The one thing I didn't share with you this year was something I wasn't sure I would ever share, but feel that it is so apart of me now, I can't not. and boy is it something I am very eager to leave in 2010. I was pregnant and lost the baby at a little over 10 weeks. It was devastating and horrible and I wouldn't wish it on my worst enemy. Such a different kind of pain than losing someone already in your life, but one that leaves you feeling just as void. As much as I have a hard time wrapping my mind around the saying "things happen for a reason", I do believe that this little soul entered our lives to bring my husband and I closer together. Out of this awful experience I discovered the most amazing man... and although I was already madly in love with him, I really grew to love him in a way I had never loved before. So for that I am thankful.

2010 was also filled with lots and lots of other lessons... and one that stands out the most was sadly learned at the expense of a friendship with someone who I had been close with for quite some time. and all i can say about it now is that I am deeply sorry for the part I played and am hopeful I will not make the same mistakes again in 2011.

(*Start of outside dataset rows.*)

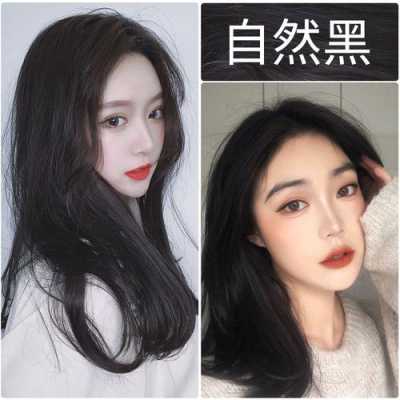 怎么头发变黑（怎样把头发p成黑色的）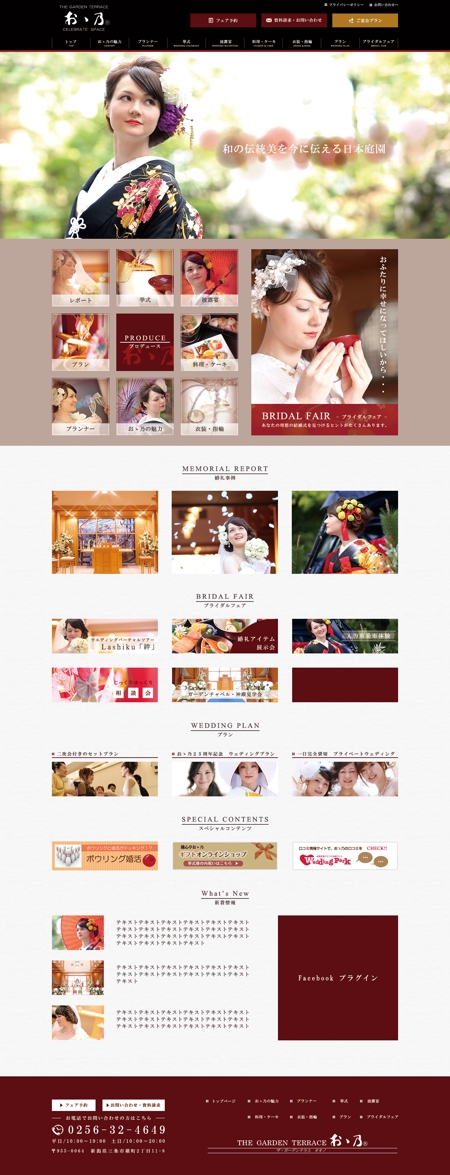 wazakura (Caramel)さんの結婚式場のウェブデザインのリニューアル（デザインのみ、レスポンシブサイト）への提案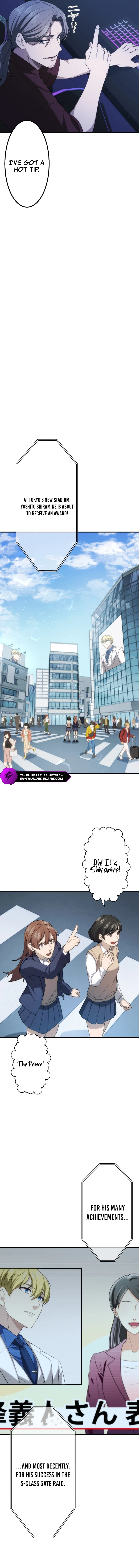 Read Revenge of the Flame Streamer EN Manga Online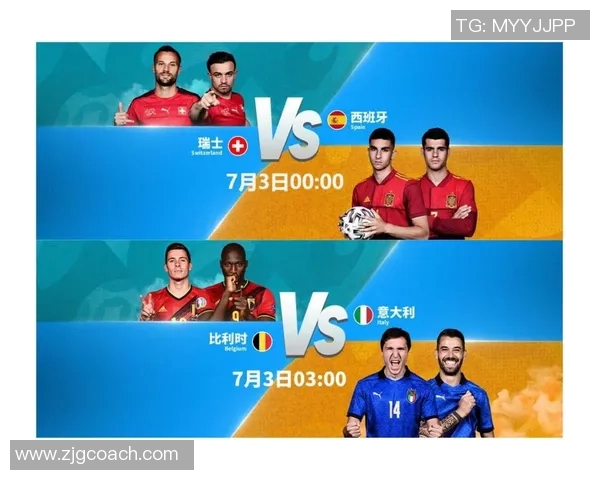 西班牙与瑞士的精彩对决结果揭晓谁将赢得胜利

(so now on to the good stuff)

2010 was also filled with the most amazing opportunities and experiences. Starting from January 1, 2010... the day I received an email from Alexis regarding a project over at Swanson Vineyards. I do not have words to express to you how grateful I am for that opportunity. Alexis is someone who I have always admired and feel is just so full of talent, vision, grace and humor it is silly. And to be able to work so closely with her on so many exciting projects, well, it certainly made my year sing. Her eye and her vision are a gift... and I so cherish the gift she gave me... working with her not only opened my eyes to new ways to photograph, but she challenged me to think about how something could be better... even when I thought it was great, there it was, better than better than the best! So thank you Alexis for believing in me and making my year so special. I am truly humbled and honored.

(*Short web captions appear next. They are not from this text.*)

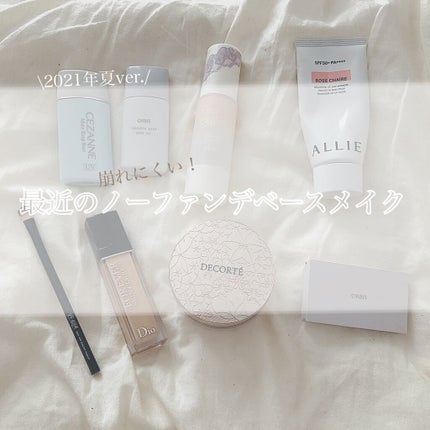 ニュアンスチェンジUV ジェル RS/アリィー/日焼け止めジェルを使ったクチコミ(1枚目)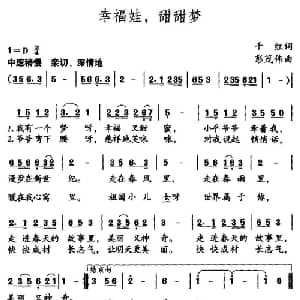 幸福娃,甜甜梦_儿歌乐谱_词曲:千红 彭茂伟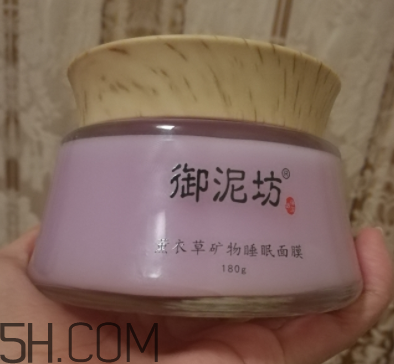 御泥坊薰衣草面膜怎么樣？御泥坊薰衣草面膜好用嗎？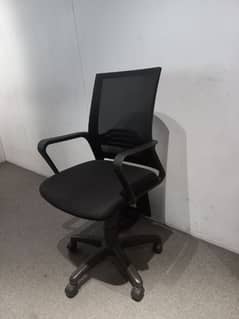 office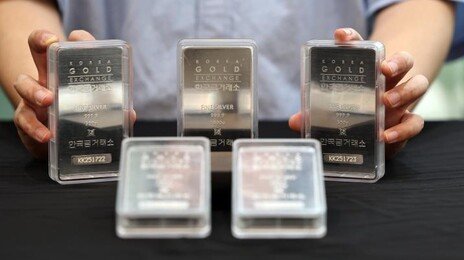 은값 147% 급등에 ‘실버바’ 열풍…홈쇼핑도 55분만에 완판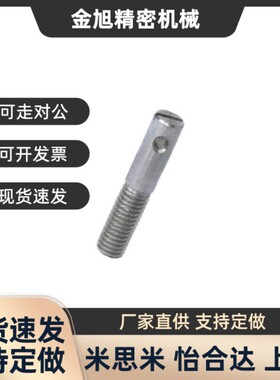 拉伸弹簧支柱 FFC11-D3/D4/D5/D6-L10/L15/L20/L25/L30/L40/L45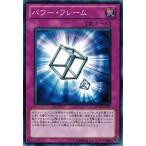 Yahoo! Yahoo!ショッピング(ヤフー ショッピング)遊戯王 DP10-JP027 パワー・フレーム 遊星編3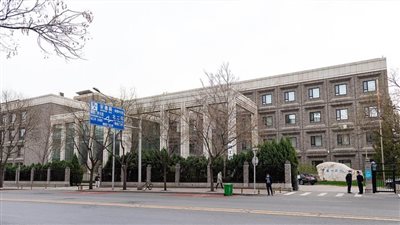 الأكاديمية الصينية للهندسة تعلن ضم 84 عضوا أكاديميا جديدا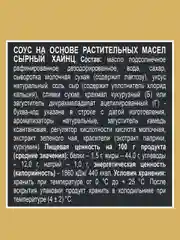 Соус HEINZ Сырный, 200 г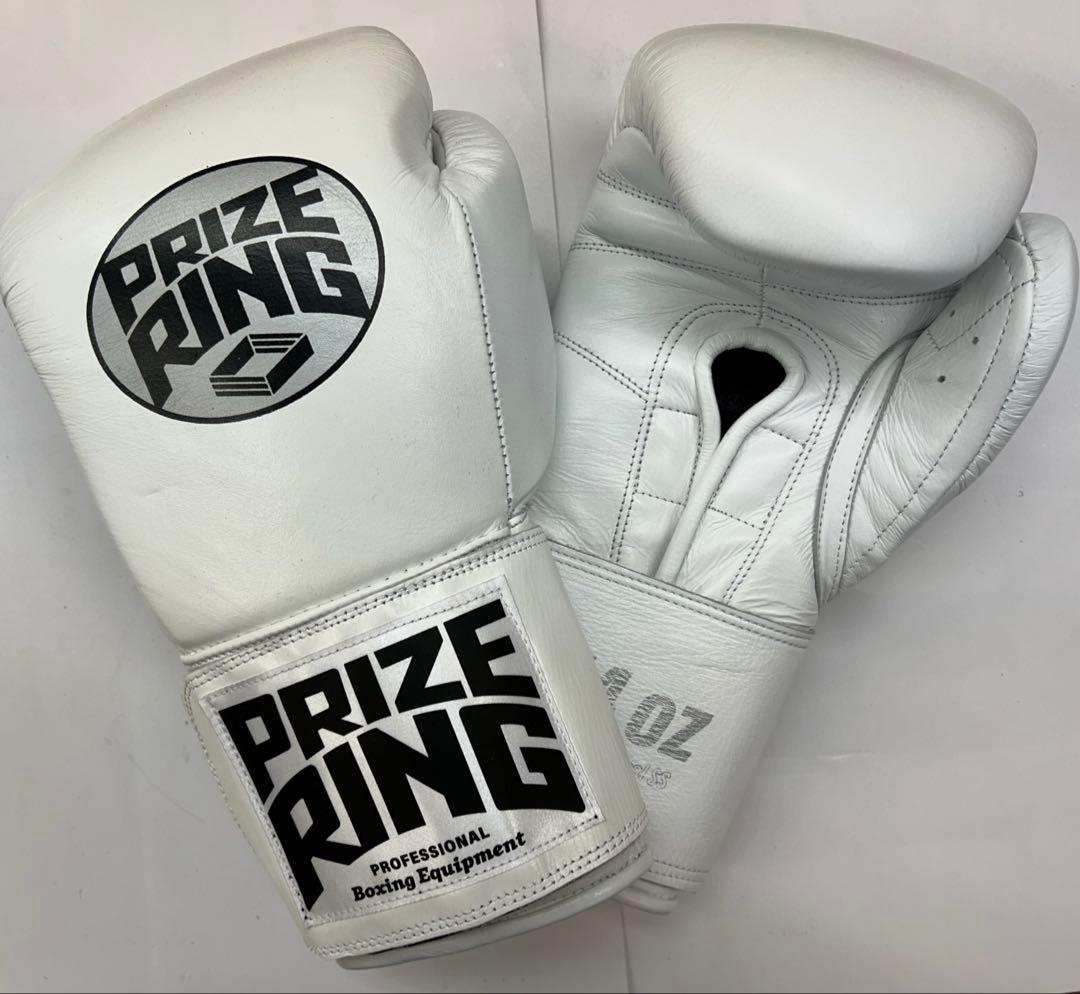 プライズリング　ボクシンググローブ　本革製 14oz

2010 will also be a year that for me is defined by love. The year I married my mister, the year I acquired a new family and the year I became more confident with who I am. And I know this is going to sound a bit cheesy, but it is a year that I truly started to believe in the power of love. The power of loving yourself even in the slightest and accepting love from others is just plain incredible.

Moving forward to today -- 1/1/2011 -- my soul is filled with so much excitement. A new day, a new year. There are still a lot of unknowns in our life at the moment... but that unknown is also kind of exhilarating.
-- I am excited about starting some projects with a new and fresh outlook (one I will announce within the next day or so).
-- I am excited because my mister and I have found a good rhythm and are on the same page with regards to what we want in life together. We are communicating better than ever and have a plan to get us through some things that have been weighing us down. Although I also know that things never really work out as planned, I am at least happy we are traveling on the same path together... where ever it may be headed.
-- I am very excited to be pregnant again and even more happy that as of today, he is a healthy boy.
-- I am excited about drinking a margarita this summer. ok, margaritas this summer. I. Love. Margaritas.
-- and I am excited about continuing to share the little things that are special in my life through iheartnapa.

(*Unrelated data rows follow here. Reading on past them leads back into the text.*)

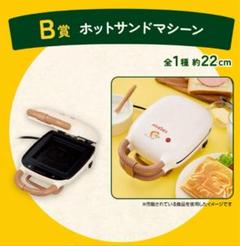 一番くじ　パンどろぼう　B賞　ホットサンドメーカー 一番くじ パンどろぼう」の全ラインナップ公開！パンを
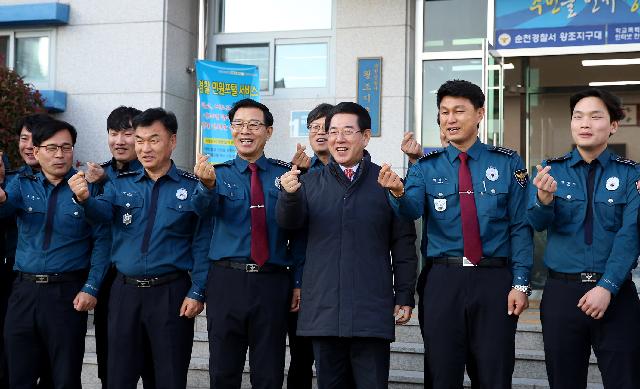 2019년 연말 순천 왕조지구대 위문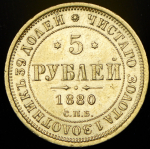 5 рублей 1880 СПБ-НФ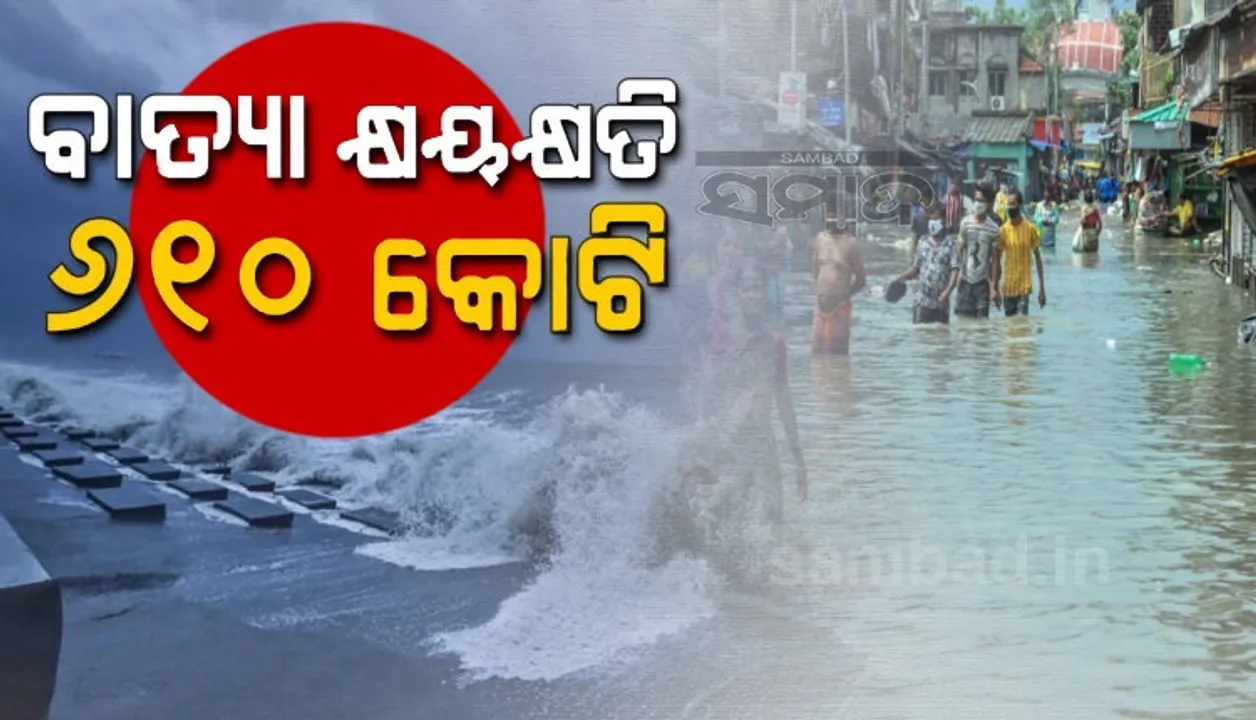  ବାତ୍ୟା କ୍ଷୟକ୍ଷତି ଓ ପୁନରୁଦ୍ଧାର ସମୀକ୍ଷା କଲେ ମୁଖ୍ୟମନ୍ତ୍ରୀ, କ୍ଷୟକ୍ଷତି ପରିମାଣ ୬୧୦ କୋଟି ଟଙ୍କା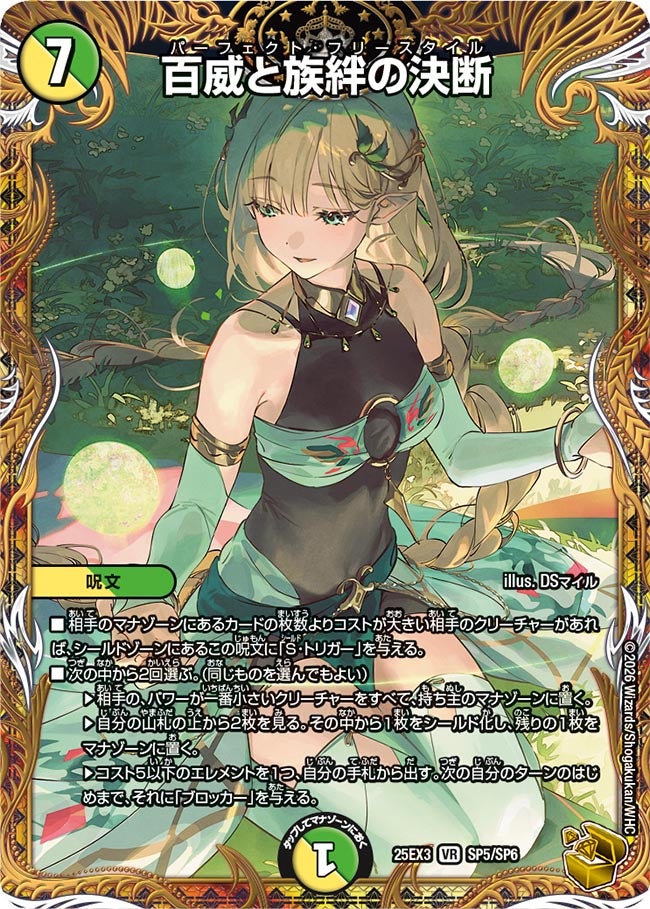 《百威と族絆の決断》（SP5/SP6）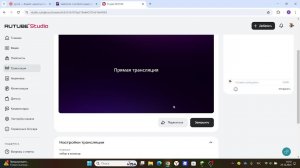 набор в команду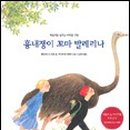 꼬마루1박2일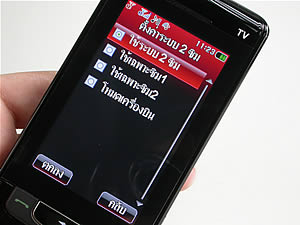 i-mobile TV650 - ไอโมบาย TV650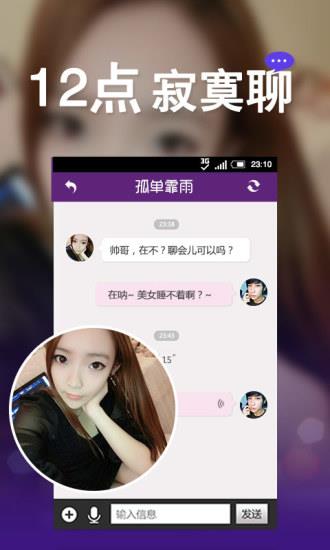 快约会  v5.2.1图3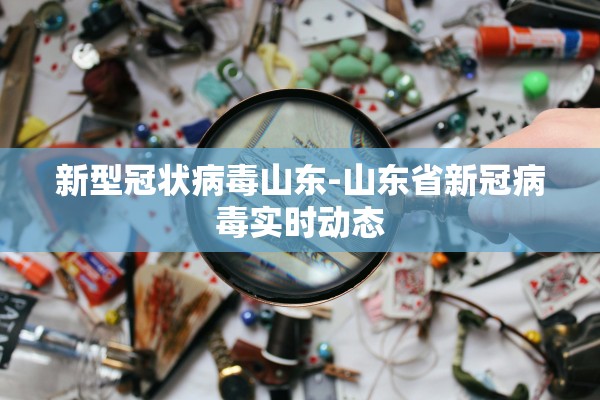 「31省份新增确诊33例」〃31省区新增确诊327例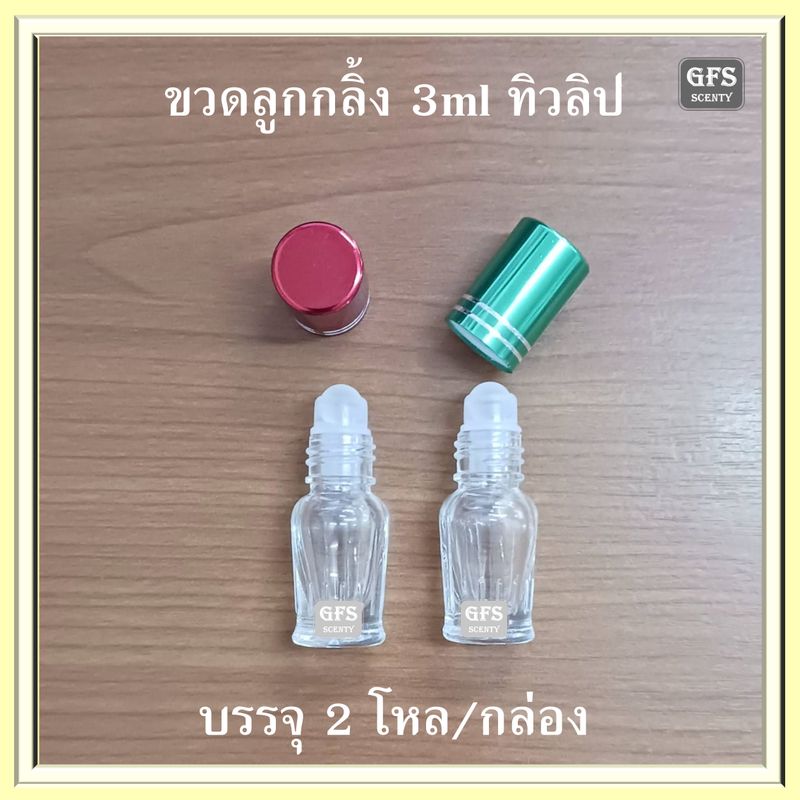 ขวดลูกกลิ้ง 3ml ทิวลิป ฝาคละสี ขนาดบรรจุ  3 มล.  บรรจุ 2 โหล/กล่อง  (ราคาต่อใบ / ต่อกล่อง)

Wishing you all a beautiful 2011 filled with lots of love, good health, success, yummy food, time for your passions, exciting travels + peace.

xo


1 comment:

  1. Beautifully written... I know life has a funny way of playing out sometimes doesn't it? I share so much of your recent pains the last year having been through it myself, but YOU YOU YOU helped get me through it all, and I am forever grateful to have such genuine people like you in my life! Thank you, for being so great, and also for allowing me to return the favor when you were in pain.
    Your photos are truly amazing, as is your heart... was that cheesy enough? :) I am so very proud of you and all your hard work this year! I hope that 2011 is a truly special one for you.. somehow, I think it will be! Thank you for sharing your life, and your heart, with all of us who adore you! Congratulations on all you have accomplished, career, your marriage, and the amazing little man coming who will forever capture your heart! Cheers, to all that is still ahead my dear!

    Oh, and yes, when the time comes... margaritas!!! :))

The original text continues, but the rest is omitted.